PROBLEM
Restate the data below word for word, leaving nothing out.

EXTRACTED MATERIAL
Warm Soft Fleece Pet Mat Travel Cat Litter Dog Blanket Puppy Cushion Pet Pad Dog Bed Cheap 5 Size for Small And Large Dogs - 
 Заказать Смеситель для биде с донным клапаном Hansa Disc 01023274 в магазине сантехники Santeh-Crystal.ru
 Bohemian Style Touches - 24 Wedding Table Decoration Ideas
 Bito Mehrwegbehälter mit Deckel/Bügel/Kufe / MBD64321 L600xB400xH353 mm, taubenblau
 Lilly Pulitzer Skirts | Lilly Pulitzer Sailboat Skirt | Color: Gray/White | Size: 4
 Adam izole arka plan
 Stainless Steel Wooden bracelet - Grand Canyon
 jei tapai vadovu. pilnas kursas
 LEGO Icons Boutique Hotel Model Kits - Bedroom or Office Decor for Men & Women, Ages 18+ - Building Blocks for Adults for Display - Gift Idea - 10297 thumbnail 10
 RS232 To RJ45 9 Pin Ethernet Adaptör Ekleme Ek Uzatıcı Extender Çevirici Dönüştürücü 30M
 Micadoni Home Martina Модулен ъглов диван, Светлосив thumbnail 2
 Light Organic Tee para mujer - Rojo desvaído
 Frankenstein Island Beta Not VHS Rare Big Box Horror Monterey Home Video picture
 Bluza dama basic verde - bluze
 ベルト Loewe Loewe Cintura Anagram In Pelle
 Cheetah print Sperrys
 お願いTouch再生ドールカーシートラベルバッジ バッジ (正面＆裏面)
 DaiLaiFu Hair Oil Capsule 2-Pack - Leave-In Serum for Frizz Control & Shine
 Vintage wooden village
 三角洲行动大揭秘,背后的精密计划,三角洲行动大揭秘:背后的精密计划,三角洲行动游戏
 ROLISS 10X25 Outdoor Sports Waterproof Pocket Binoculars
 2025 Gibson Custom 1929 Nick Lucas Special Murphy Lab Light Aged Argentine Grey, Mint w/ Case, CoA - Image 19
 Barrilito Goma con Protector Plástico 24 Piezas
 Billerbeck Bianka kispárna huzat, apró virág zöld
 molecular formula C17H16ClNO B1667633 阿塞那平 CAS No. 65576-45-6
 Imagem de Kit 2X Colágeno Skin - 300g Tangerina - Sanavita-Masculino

ANSWER SPACE
Warm Soft Fleece Pet Mat Travel Cat Litter Dog Blanket Puppy Cushion Pet Pad Dog Bed Cheap 5 Size for Small And Large Dogs - 
 Заказать Смеситель для биде с донным клапаном Hansa Disc 01023274 в магазине сантехники Santeh-Crystal.ru
 Bohemian Style Touches - 24 Wedding Table Decoration Ideas
 Bito Mehrwegbehälter mit Deckel/Bügel/Kufe / MBD64321 L600xB400xH353 mm, taubenblau
 Lilly Pulitzer Skirts | Lilly Pulitzer Sailboat Skirt | Color: Gray/White | Size: 4
 Adam izole arka plan
 Stainless Steel Wooden bracelet - Grand Canyon
 jei tapai vadovu. pilnas kursas
 LEGO Icons Boutique Hotel Model Kits - Bedroom or Office Decor for Men & Women, Ages 18+ - Building Blocks for Adults for Display - Gift Idea - 10297 thumbnail 10
 RS232 To RJ45 9 Pin Ethernet Adaptör Ekleme Ek Uzatıcı Extender Çevirici Dönüştürücü 30M
 Micadoni Home Martina Модулен ъглов диван, Светлосив thumbnail 2
 Light Organic Tee para mujer - Rojo desvaído
 Frankenstein Island Beta Not VHS Rare Big Box Horror Monterey Home Video picture
 Bluza dama basic verde - bluze
 ベルト Loewe Loewe Cintura Anagram In Pelle
 Cheetah print Sperrys
 お願いTouch再生ドールカーシートラベルバッジ バッジ (正面＆裏面)
 DaiLaiFu Hair Oil Capsule 2-Pack - Leave-In Serum for Frizz Control & Shine
 Vintage wooden village
 三角洲行动大揭秘,背后的精密计划,三角洲行动大揭秘:背后的精密计划,三角洲行动游戏
 ROLISS 10X25 Outdoor Sports Waterproof Pocket Binoculars
 2025 Gibson Custom 1929 Nick Lucas Special Murphy Lab Light Aged Argentine Grey, Mint w/ Case, CoA - Image 19
 Barrilito Goma con Protector Plástico 24 Piezas
 Billerbeck Bianka kispárna huzat, apró virág zöld
 molecular formula C17H16ClNO B1667633 阿塞那平 CAS No. 65576-45-6
 Imagem de Kit 2X Colágeno Skin - 300g Tangerina - Sanavita-Masculino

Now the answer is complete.